> _Aim of the task_
Exactly the lines from the one containing "Diseño de Logo" through the one containing "Top Hutan aus Jersey | Dries Van Noten" in the listing below are to be copied, with the pictures left out.

> _Data section_
════

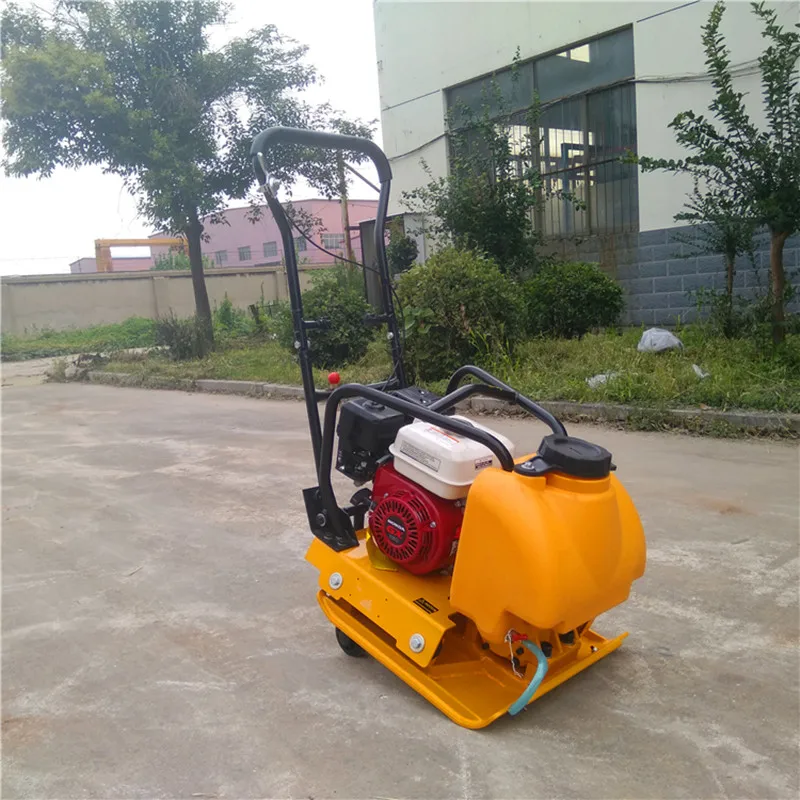 Walk Behind Diesel Engine Vibrating Soil Plate Compactor Price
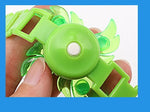 Luminous LED Light Fidget Spinner Hand Top Spinners Glow In Dark Light EDC Figet Spiner Finger Stress Relief Toys Kid's Bracelet - Cindi Book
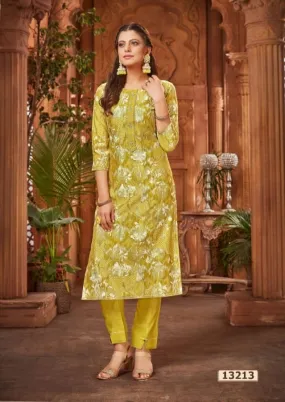 ASTON 2 FANCY KURTI WITH PANT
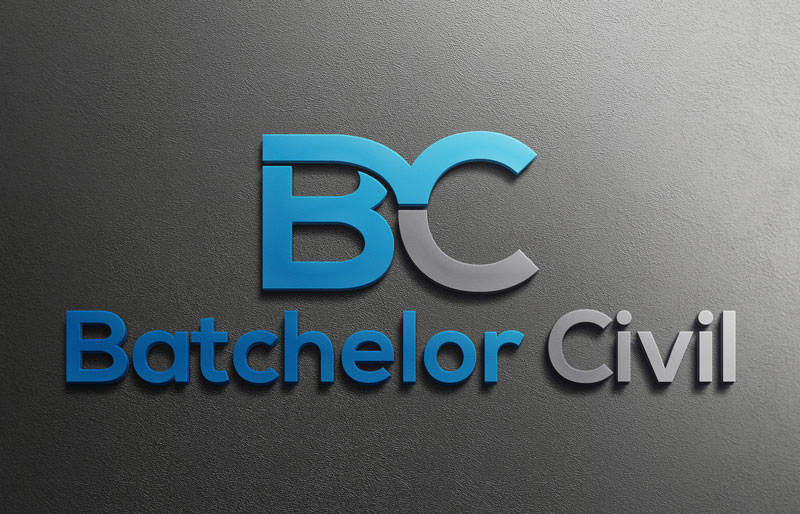 Diseño de Logo por JAFRIN para batchelor paul civil ltd | Diseño #19038322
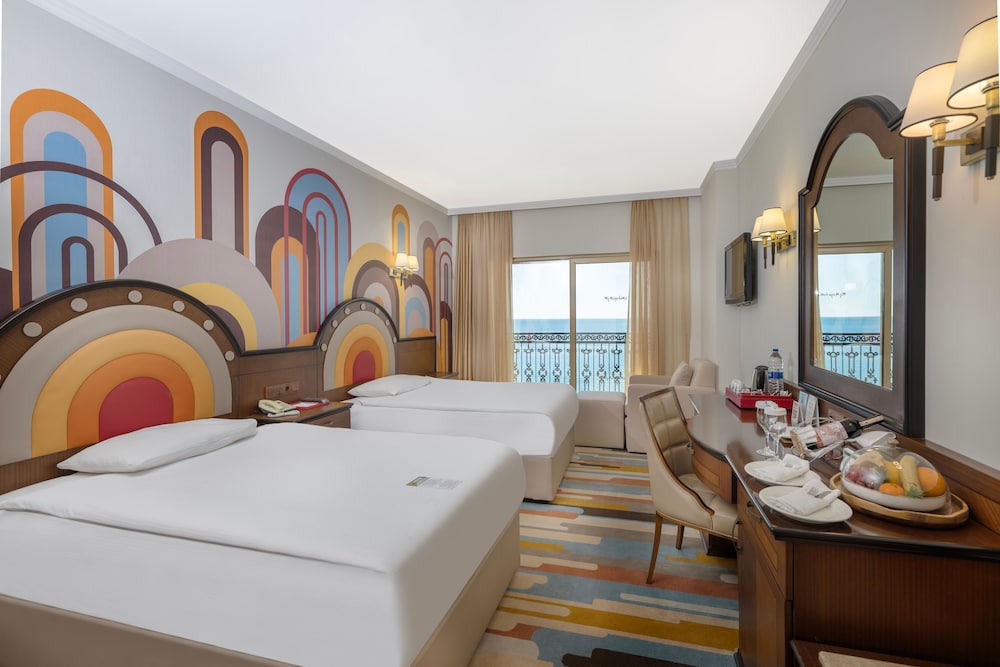 Megasaray Westbeach Antalya — Hotel rooms in Antalya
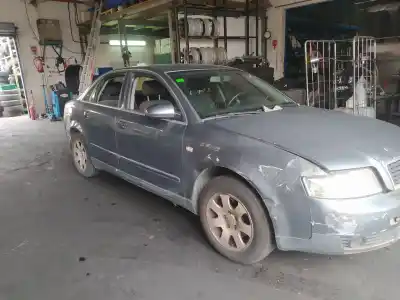 Утилизация автомобиля audi a4 b6 (8e2) 1.9 tdi года 2003 питание awx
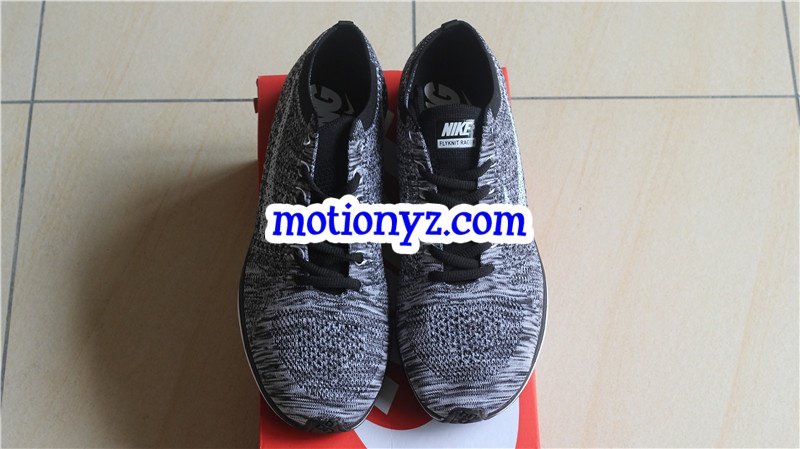 Flyknit Racer Oreo 2.0 Grey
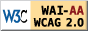 ATutor complies with WCAG 2 accessibility standards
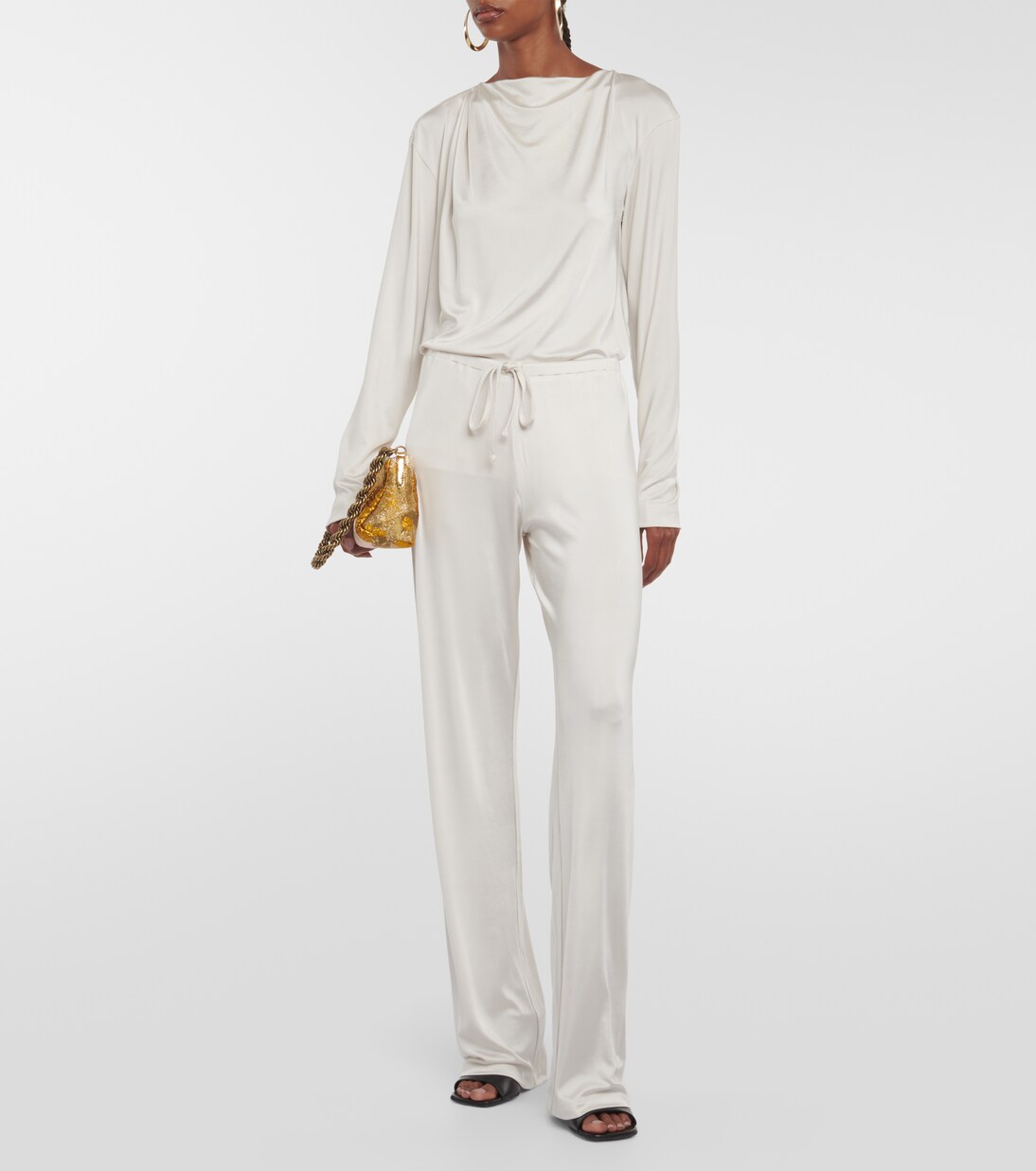 Top Hutan aus Jersey | Dries Van Noten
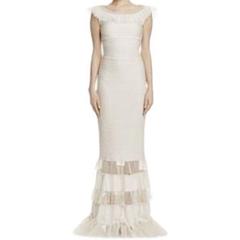 Sale 美品 王道レア Tadashi Shoji ロングドレス grown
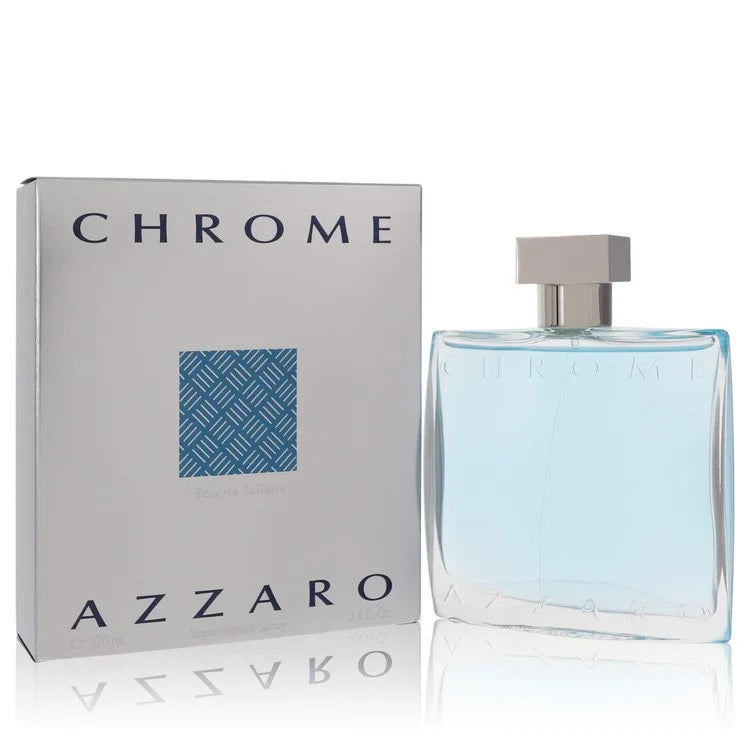 Chrome Cologne By Azzaro for Men (3.4 Oz EDT)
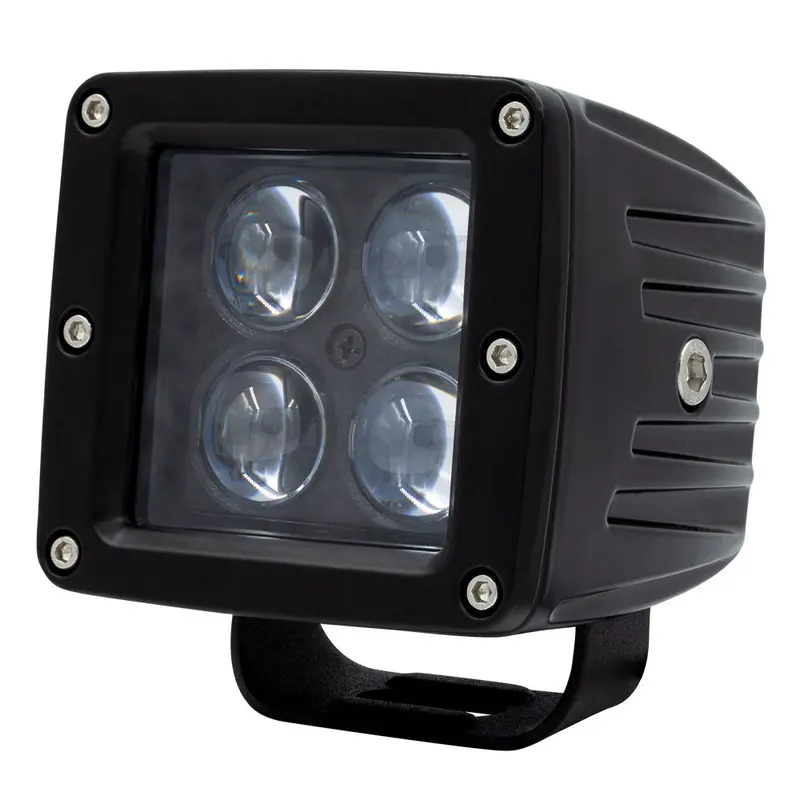 Heise 3-Inch 4-Led Cube Light — Compact Marine-Grade Illumination [He-Icl2] 1
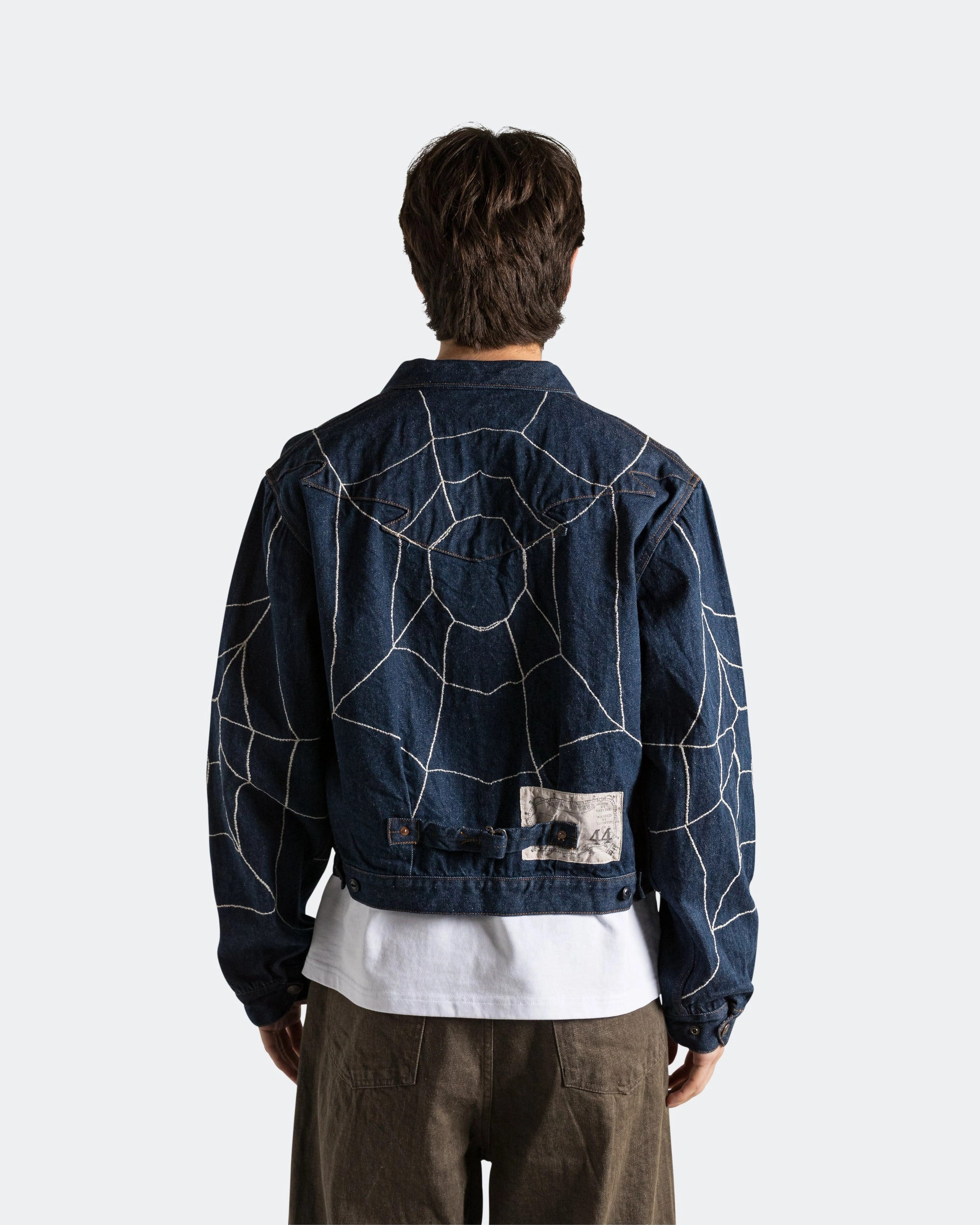 13oz Denim STD Thunderbird Blouson (KOUNTRY DREAM CATCH Remake) - Indigo Daily Wear Jacket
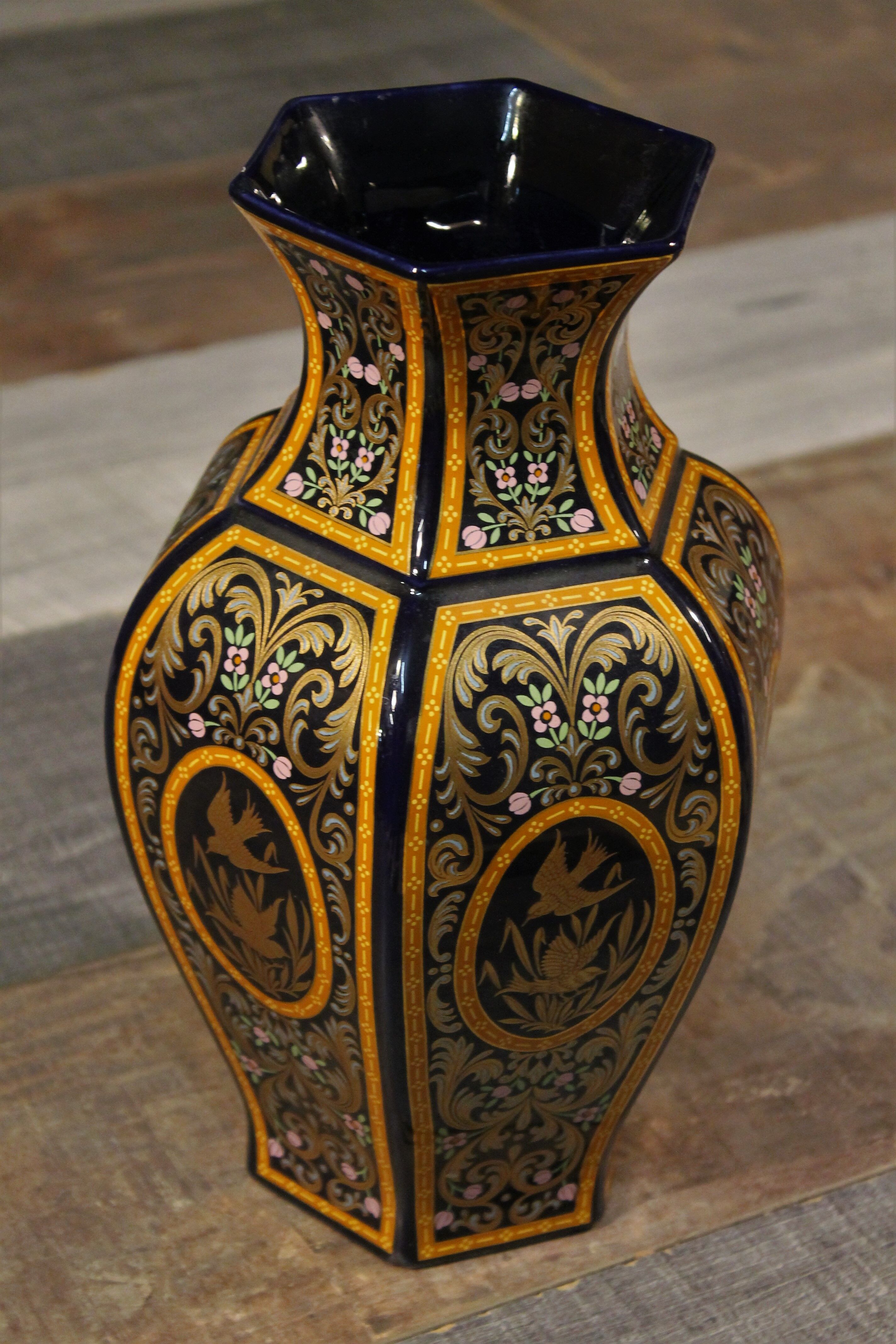 Vase "Decor exclusiv" Italy 1960s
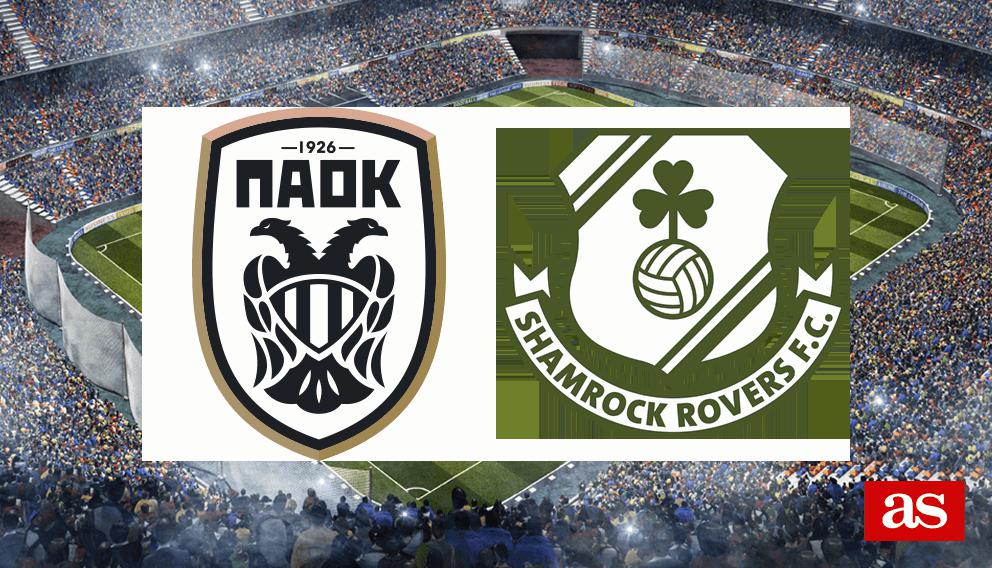 PAOK 0-0 Shamrock R.: resultado, resumen y goles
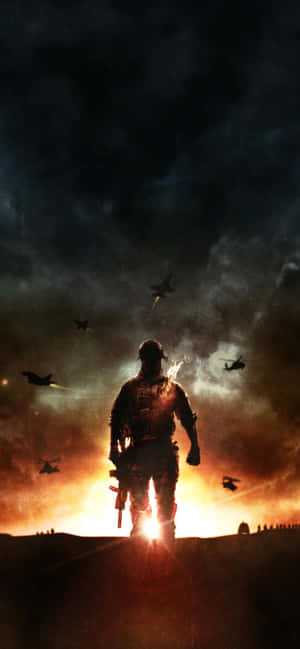Iphone Xs Max Battlefield 4 Background — Vivo T5 Picha ya Ukuta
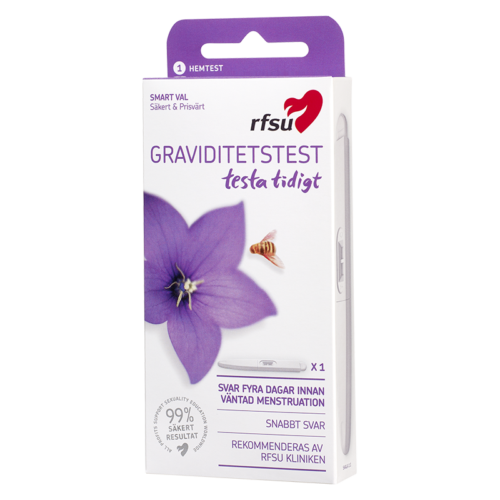 RFSU Test de grossesse bâtonnet 1 pce - test précoce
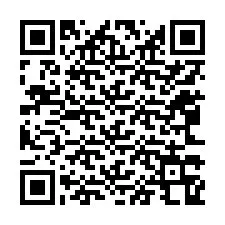 QR-koodi puhelinnumerolle +12063368412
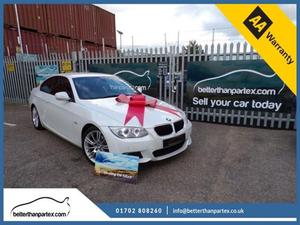 BMW 3 Series 2.0 AUTOMATIC FULL LEATHER M SPORT  MILES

════

> _Response box_
 Diseño de Logo por JAFRIN para batchelor paul civil ltd | Diseño #19038322
 Megasaray Westbeach Antalya — Hotel rooms in Antalya
 Утилизация автомобиля audi a4 b6 (8e2) 1.9 tdi года 2003 питание awx
 Flyknit Racer Oreo 2.0 Grey
 ATutor complies with WCAG 2 accessibility standards
 Top Hutan aus Jersey | Dries Van Noten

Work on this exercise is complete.